Conclusion: Contextualized AI at the core of data (with rules)
With Cortex AI for Financial Services and a managed MCP Server, Snowflake aligns three core elements: governed data, useful AI, and interoperability within an ecosystem of growing agents. For an industry driven by decisions based on context — and subject to regulators — the logic is clear: bringing AI to the data and not the other way around. If the market supports it, 2026 could be the year when agents with real data move from promise to standard.
Frequently Asked Questions
What is Snowflake Cortex AI for Financial Services, and how does it differ from “generic” AI?
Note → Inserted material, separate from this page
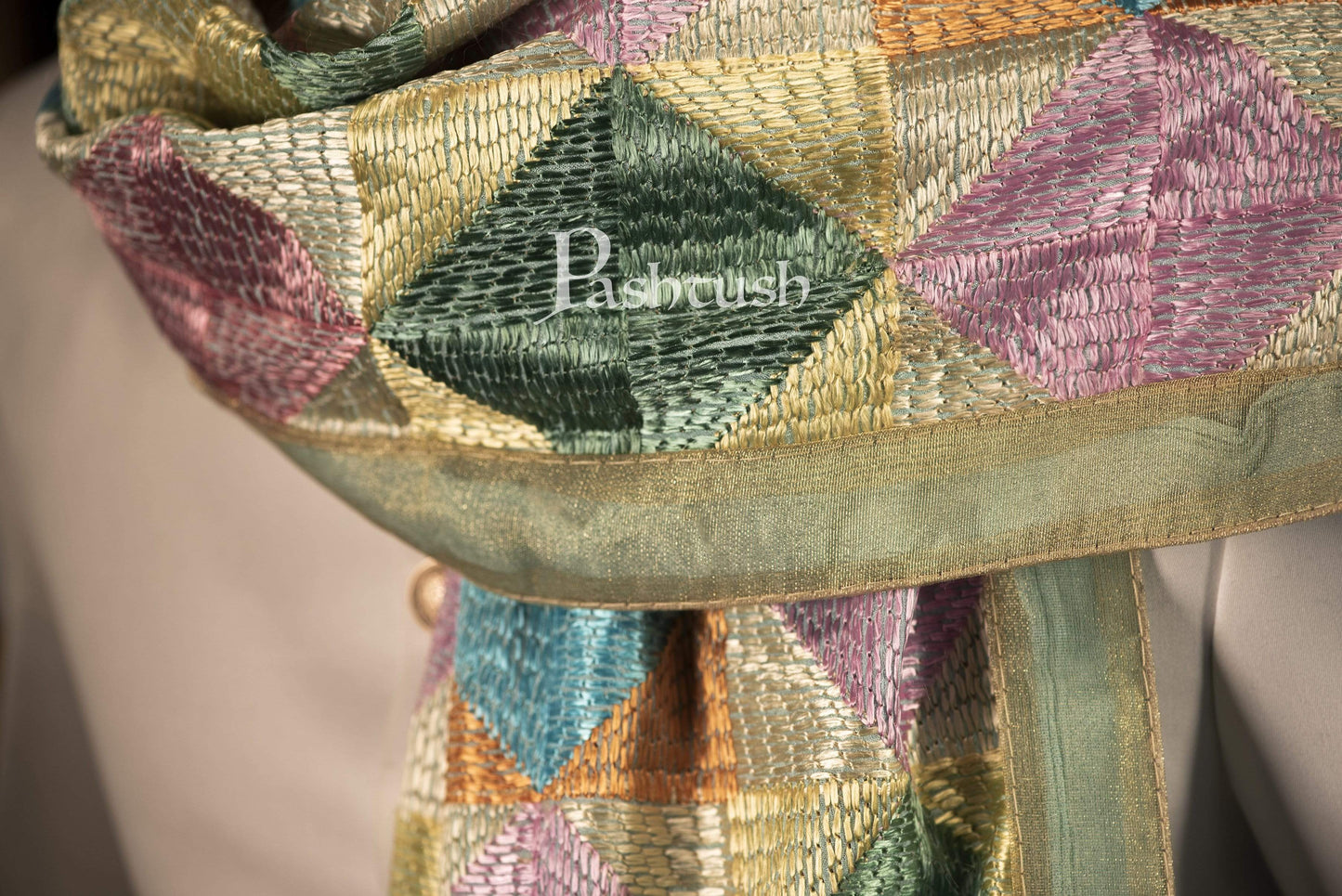 Pashtush India 114x228 Pashtush Mens Stole with Multicoloured Embroidery, Phulkari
It’s a sector-specific suite that combines AI capabilities (Data Science Agent, Cortex AISQL, Snowflake Intelligence) with data from leading financial providers (FactSet, MSCI, Nasdaq eVestment®, CB Insights, and others) and proprietary data in Snowflake, all while respecting governance and compliance.
What is the purpose of the managed Snowflake MCP Server?
It offers a standardized way for external agents (Anthropic, CrewAI, Cursor, Devin, Agentforce, UiPath, etc.) to discover and use governed data in Snowflake (own and third-party) without ad hoc integrations. It reduces integration time and risk.
What are the differences between Data Science Agent, Cortex AISQL, and Snowflake Intelligence?
- Data Science Agent automates data science tasks (cleaning, features, prototyping, validation).
- Cortex AISQL adds AI-powered extraction/transcription functions for documents, audio, and images (public preview).
- Snowflake Intelligence is the conversational interface enabling business users to ask questions in natural language about data in Snowflake and connected sources/apps (public preview).
Which external data providers are supported, and in what state?
For structured data (via Sharing of Semantic Views, GA coming soon): CB Insights, Cotality™, Deutsche Börse, MSCI, Nasdaq eVestment®. For unstructured data (via Cortex Knowledge Extensions, GA): CB Insights, FactSet, Investopedia, The Associated Press, The Washington Post.